_EXERCISE BRIEF_
Retype only what runs from the first line of the listing to the line holding "Светодиодная лента герметичная", both included. Do not retype the pictures.

_MATERIAL PROVIDED_

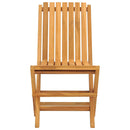 vidaXL 4 db tömör tíkfa összecsukható kerti szék 47 x 47 x 89 cm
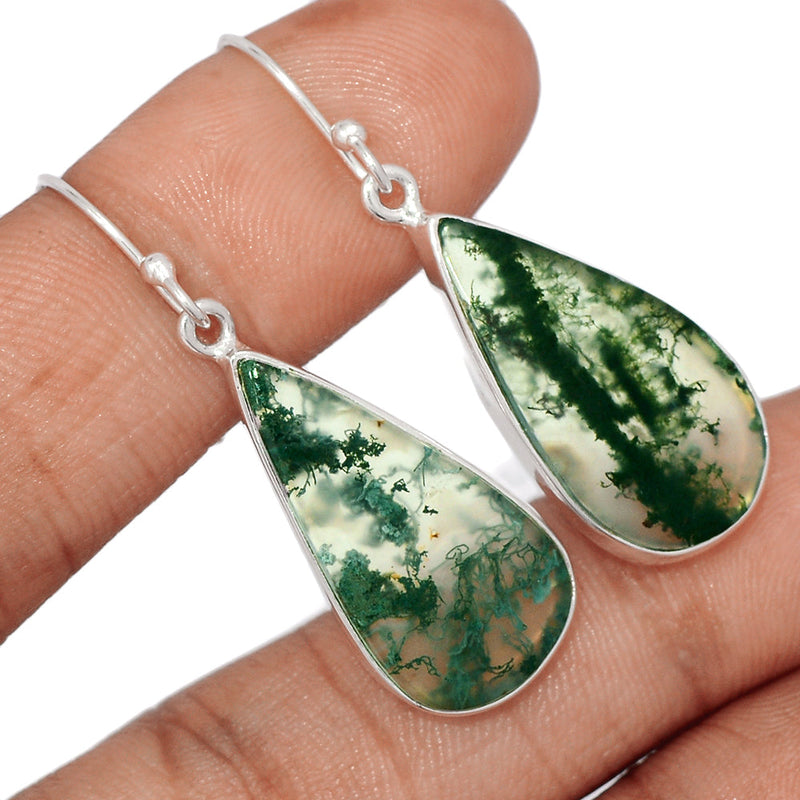 1.7" Moss Agate Earrings - MOSE1358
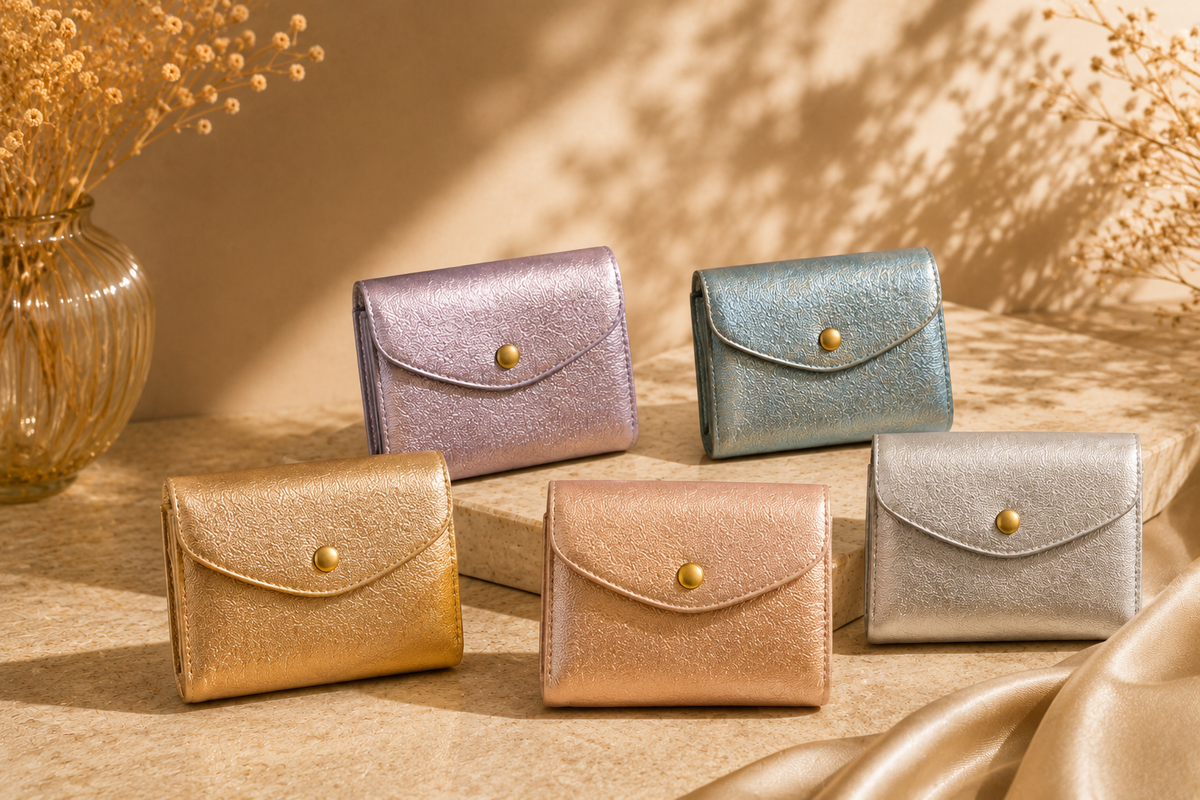 Porte-monnaie femme Cuir irisé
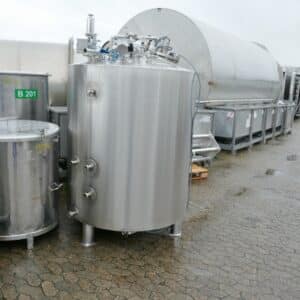 1000 liter tank i Syrafast 316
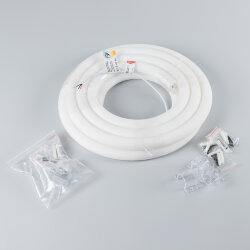 Светодиодная лента герметичная MOONLIGHT-TOP-M768-D25mm 24V White-MIX 360deg (14.4 W/m, IP65, 2216, 5m, wire x1) (Arlight, Вывод прямой, 3 года)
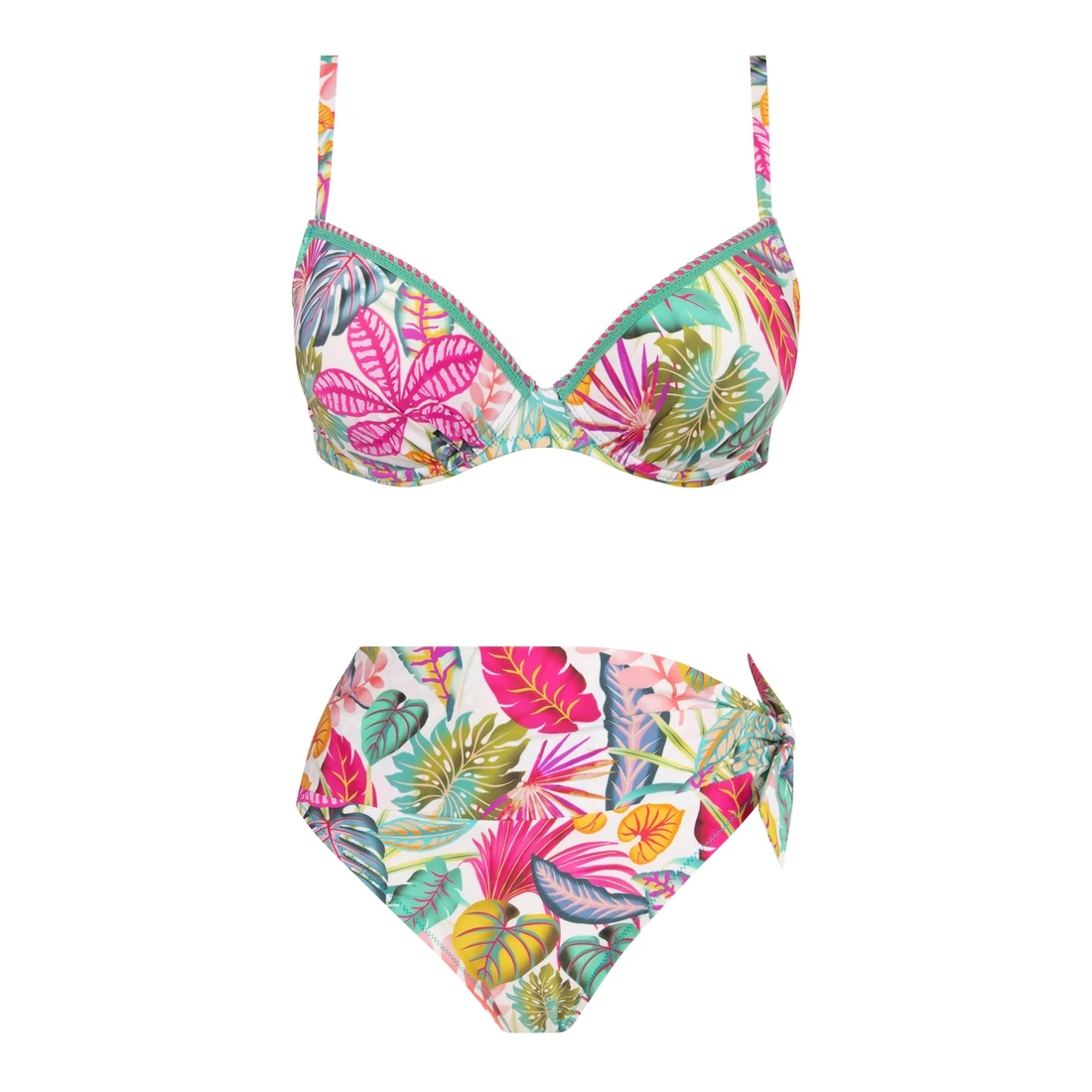 Maillot Deux Pièces Avec Coques Fleuri La Muse Des Iles 2 Maillot Deux Pièces Avec Coques Fleuri La Muse Des Iles – Image 2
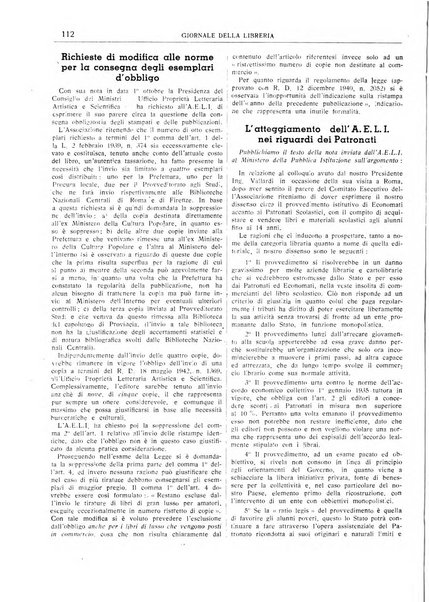 Giornale della libreria organo ufficiale della Associazione italiana editori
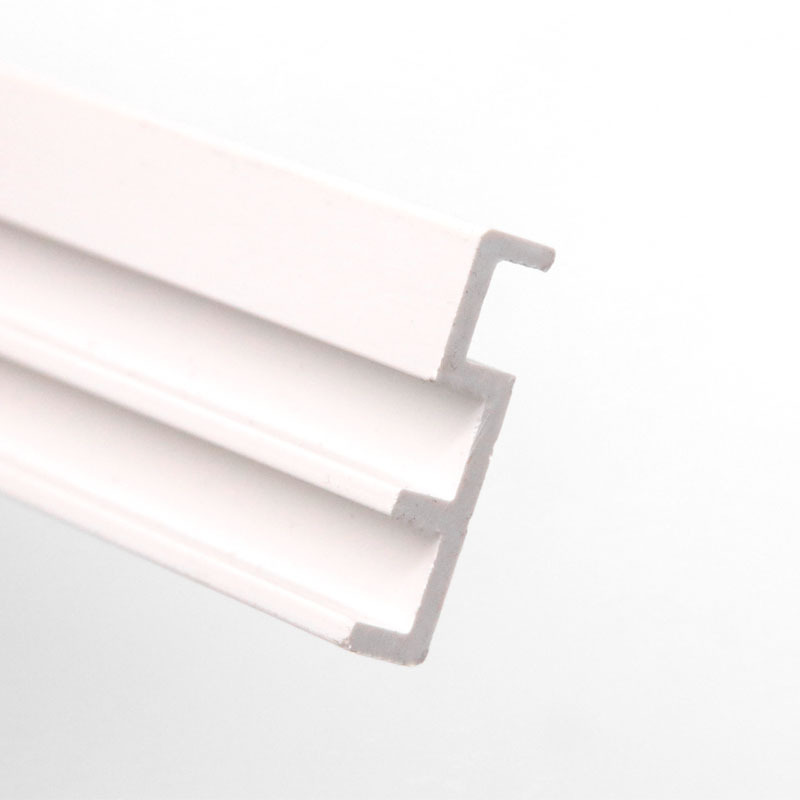 Extrusión de PVC blanco ranura de PVC ranura de plástico extrusión de PVC se puede hacer de acuerdo con el dibujo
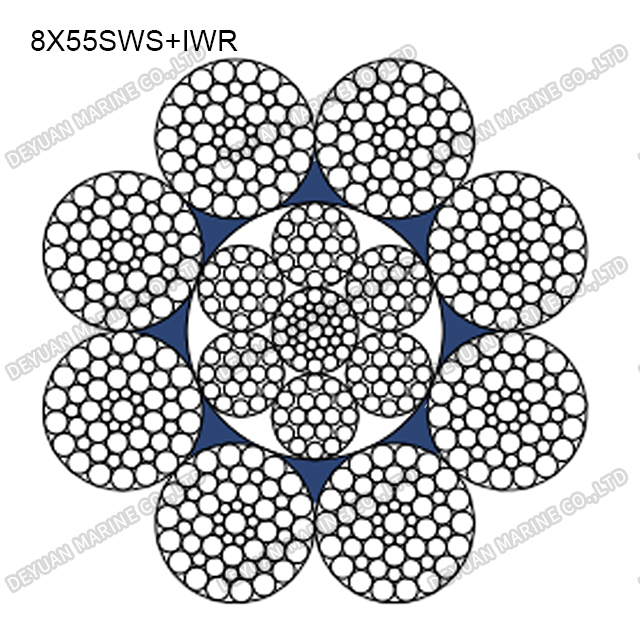 8×55 Class Round Strand Wire Rope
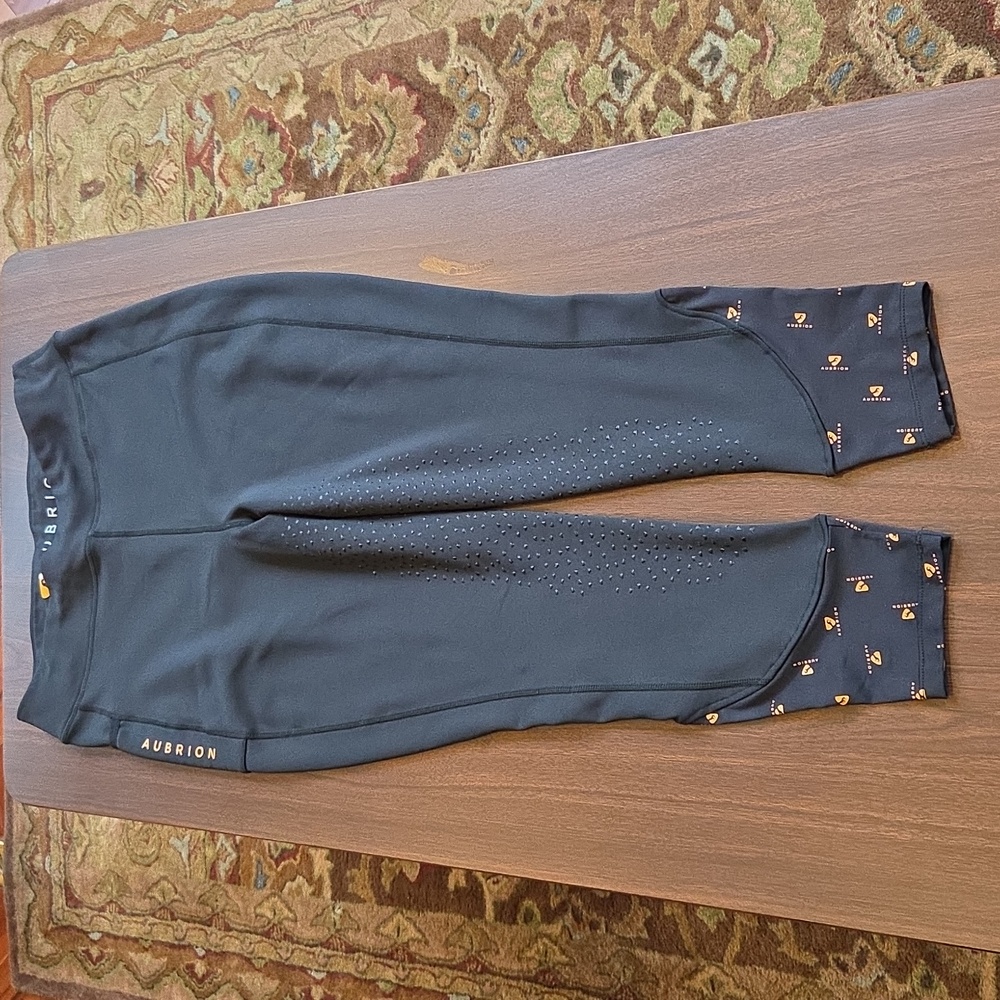 Shires Aubrion Ladies Porter Silicone Fleece Lined Winter Tights Size XL Us 12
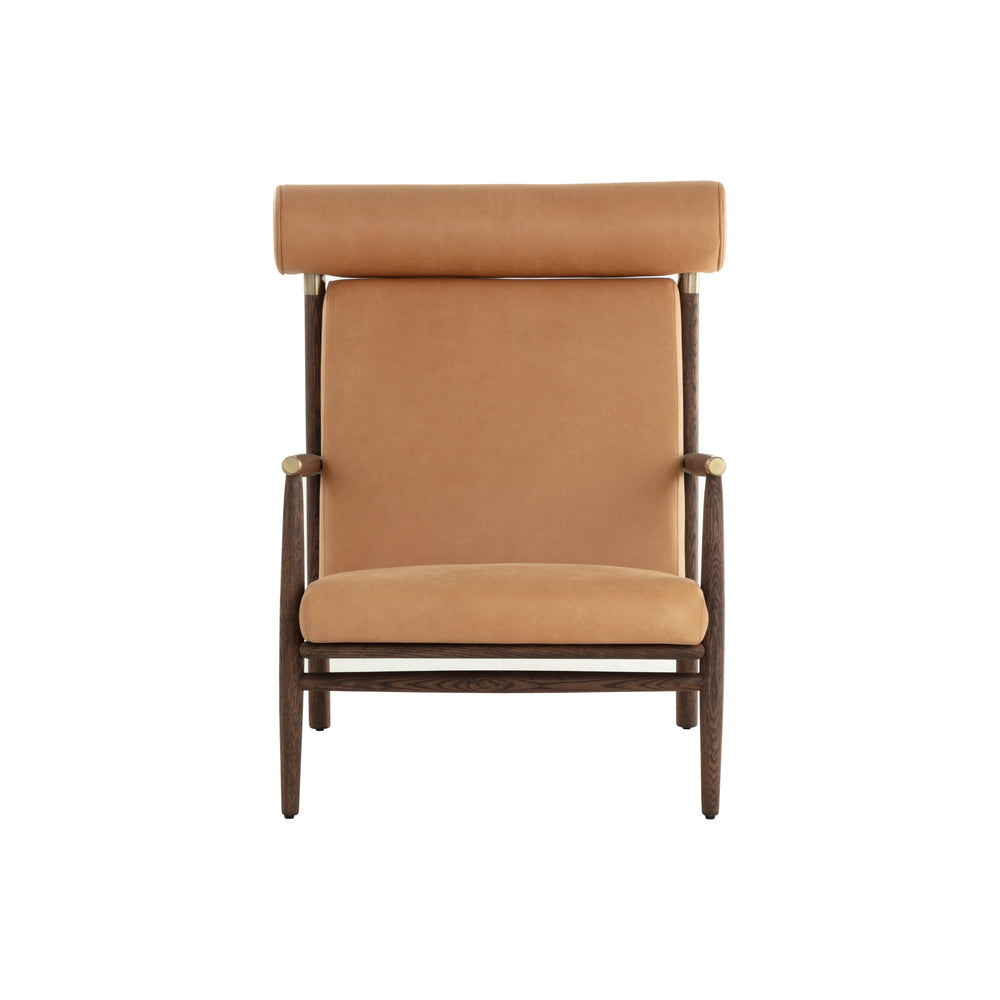 Biko Lounge Chair - Sahara Camel Leather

_ANSWER FOR THIS EXERCISE_
 vidaXL 4 db tömör tíkfa összecsukható kerti szék 47 x 47 x 89 cm
 1.7" Moss Agate Earrings - MOSE1358
 Porte-monnaie femme Cuir irisé
 1000 liter tank i Syrafast 316
 Светодиодная лента герметичная MOONLIGHT-TOP-M768-D25mm 24V White-MIX 360deg (14.4 W/m, IP65, 2216, 5m, wire x1) (Arlight, Вывод прямой, 3 года)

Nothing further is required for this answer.